Under The Sun (Debaixo do Sol, 2015) de Vitaly Mansky, 9/10
texto retirado da cobertura ao Porto/Post/Doc 2016 publicado aqui
В лучах Солнца – Under The Sun (Debaixo do Sol, 2015) de Vitaly Mansky é outro exemplo do legado de The Act of Killing, e aqui a recriação é permanente e dirigida pelo regime, um estratagema preferido de Estados pouco transparentes. Mansky informa logo no início com uma pequena nota que foi sempre acompanhado pelas autoridades norte-coreanas durante a sua estadia, e que desde o argumento, aos locais e até às pessoas filmadas, tudo foi imposto ao realizador – a única coisa fora do controlo é mesmo a câmara. E Mansky começa por desconstruir a realidade aparente quando mostra o que acontece entre os supostos planos, nas margens dos limites permitidos, ao revelar os diferentes takes da mesma cena e as indicações das figuras do regime às pessoas transformadas em actores (“age naturalmente, como se não estivesses num filme” ouvimos fora de campo). Uma idílica cena de um jantar abundante em família é orquestrada ao pormenor para enaltecer as virtudes da sociedade norte-coreana, mas é logo desmontada em “directo” pelo filme, com a criança a ser obrigada a repetir a mesma frase ou enaltecer a qualidade da comida.

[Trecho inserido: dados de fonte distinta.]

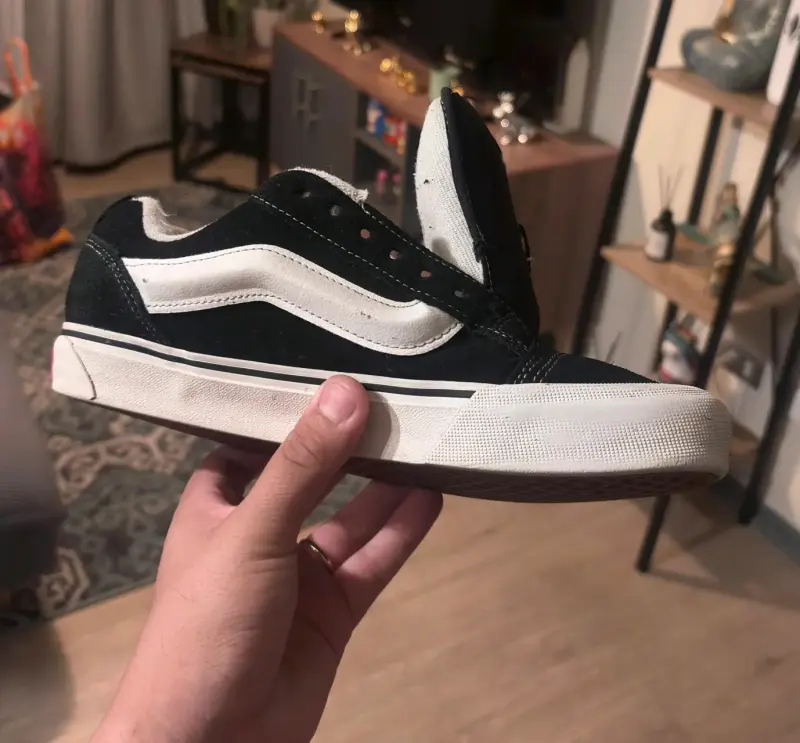 Zapatillas negras y blancas - 1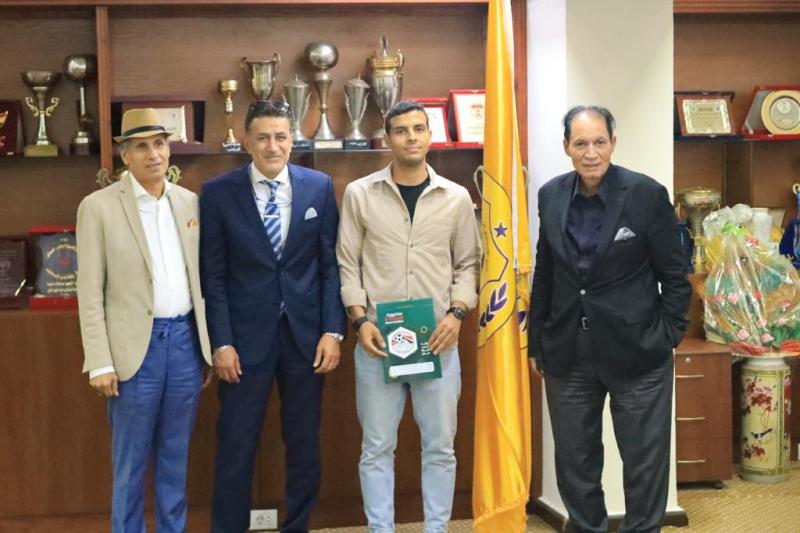 تعاقد اللإسماعيلي مع محمد خليفة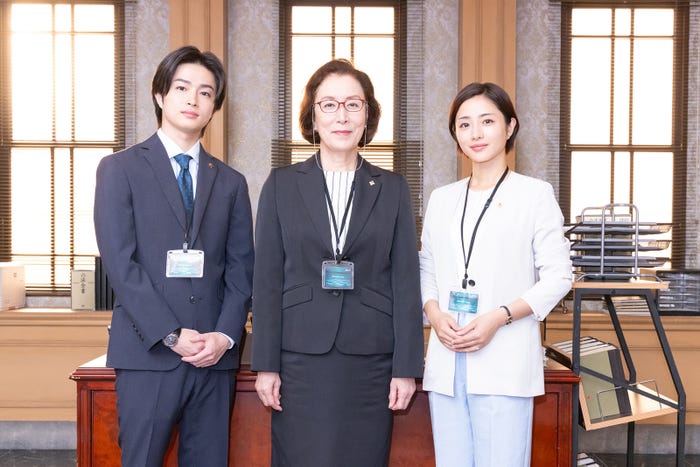 曽田陵介、高畑淳子、石原さとみ(C)テレビ朝日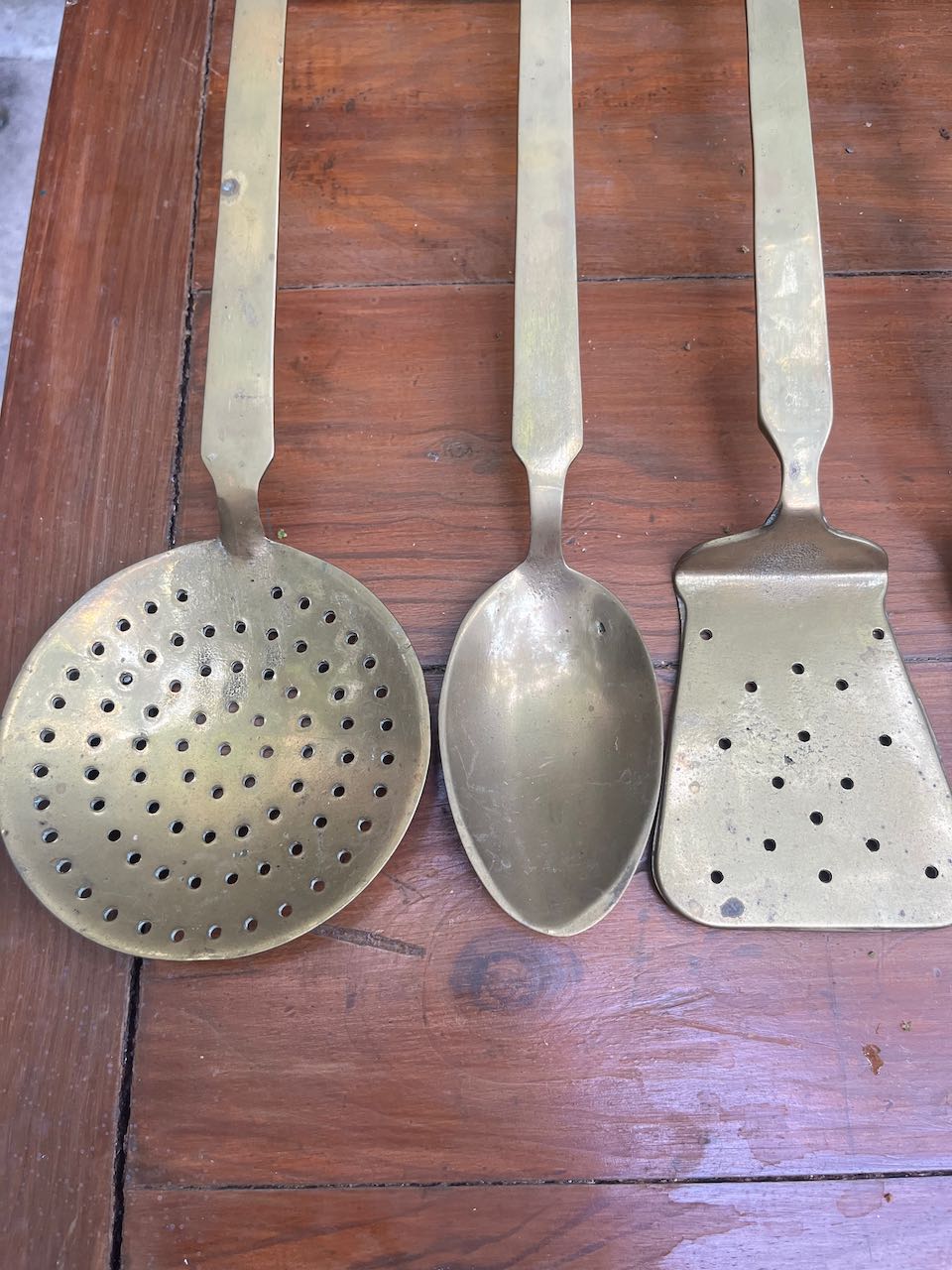 fa639 A set of french vintage brass utensils for the wall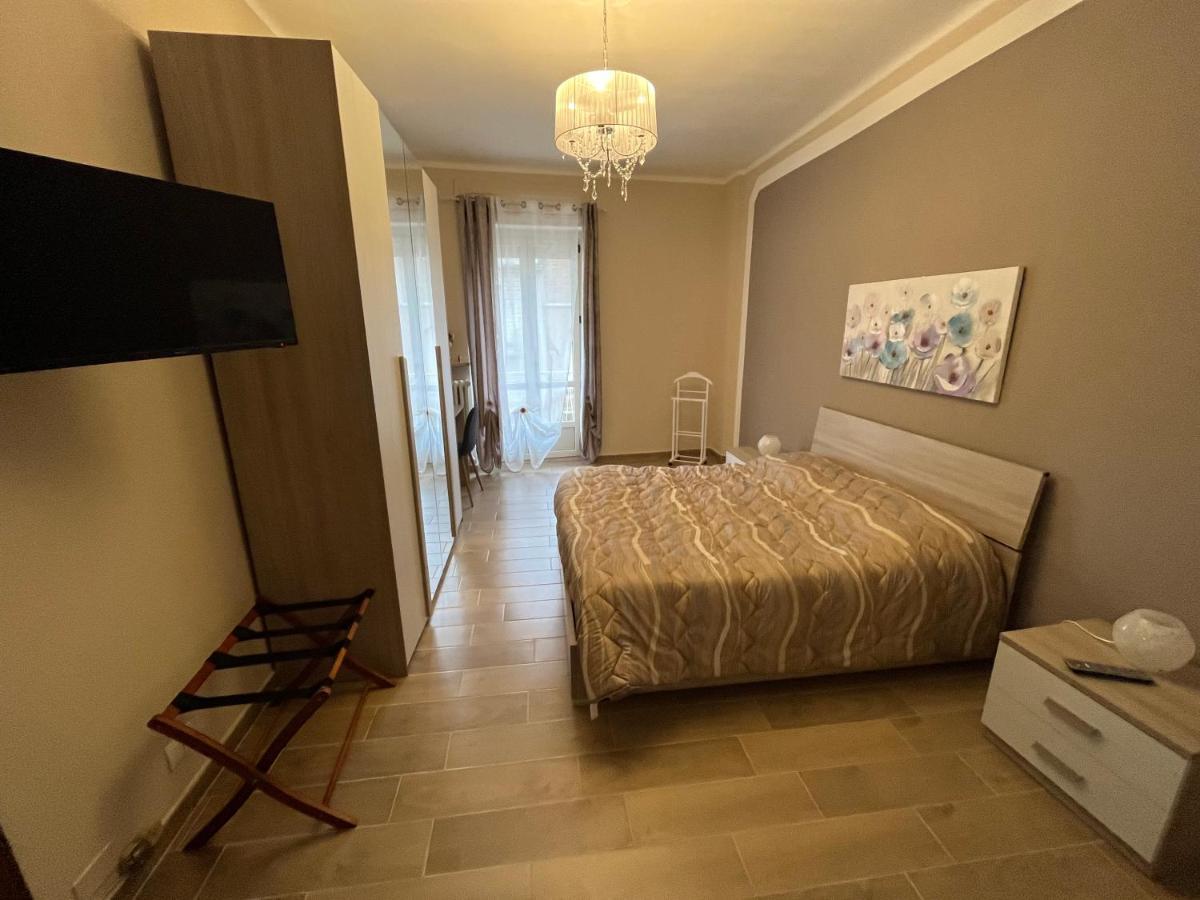 Attico Briccarello: Elegant Near Palaalpitour And Olympic Stadium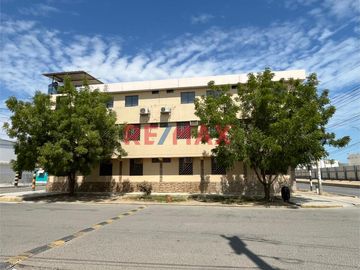 Atención inversionistas y empresarios del rubro hotelero: Se vende hotel completamente amoblado y funcionando, ubicado en plena avenida Salaverry, Tal
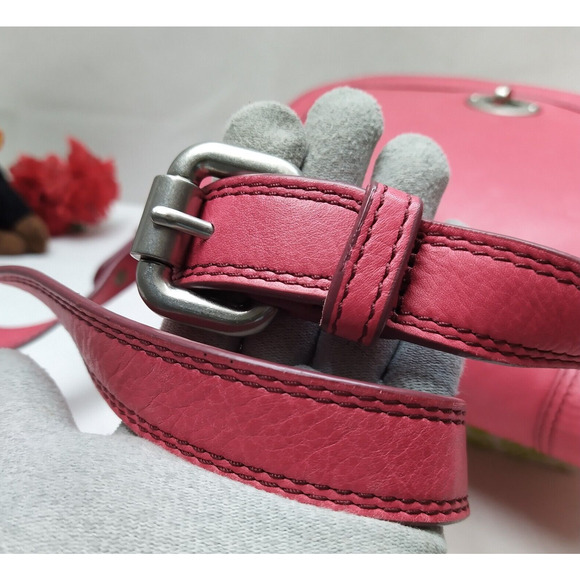Fossil Red Leather Turnlock Flap Closure Crossbody Bag - Picture 5 of 14
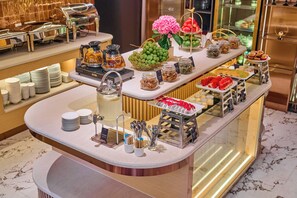 Free daily buffet breakfast - La Passion Sai Gon Hotel (Ho Chi Minh City)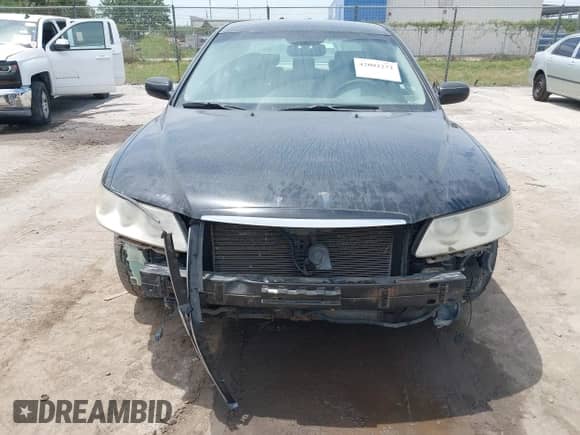 2008 Hyundai Azera GLS с VIN KMHFC46D48A335587, выставлен на аукционе IAAI как лот 42092272 с пробегом 174 537 миль миль и . История ставок и продаж доступна на DreamBid. Изображение 6.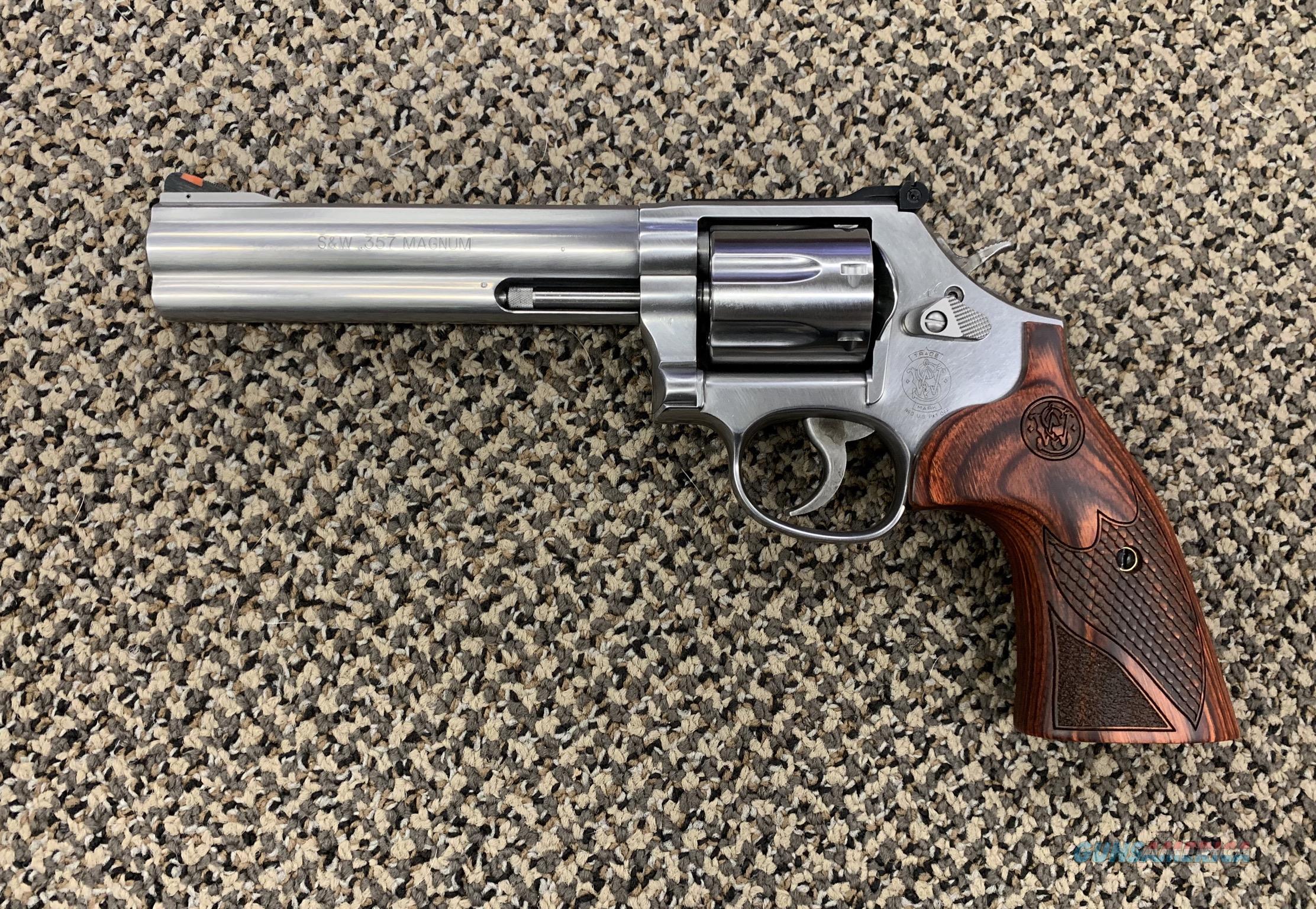 S&W MODEL 686 PLUS DELUXE 6 INCH BB... for sale at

Porém Mansky tenta também ultrapassar as barreiras que lhe são impostas ao filmar os rostos das pessoas, ao deter-se assim em pormenores que poderiam passar despercebidos não fosse o seu olhar atento: a expressão vazia das crianças na escola, o medo perante a autoridade da professora, as mãos juntas que procuram aquecer-se contra o frio na sala de aula. Nesta tentativa de aproximação Mansky parece perceber que há uma impossibilidade de chegar às pessoas que filma, impenetráveis no seu isolamento, tão distantes do mundo que conhecemos, soterradas por um terror psicológico. O filme acompanha de perto uma família representativa da sociedade norte-coreana, e a violência do alcance do regime e o medo de falhar são mais visíveis na pressão suportada pela filha do casal. Escolhida para representar a escola em mais uma celebração do seu líder, Manksy ultrapassa finalmente o problema da anestesia emocional das personagens e o manto de ocultação mantido pelo regime com o acompanhamento desolador dos nervos da criança numa cena dolorosa. Instada a distrair-se com uma memória boa para afastar os nervos, não consegue lembrar-se de nenhuma, e quando lhe pedem para cantar uma canção alegre, apenas consegue lembrar-se de uma ode a Kim Jong-un. Under the Sun é assim um brilhante exercício de desconstrução de um sistema de controlo, encoberto e subtil no seu método, e por isso ainda mais devastador.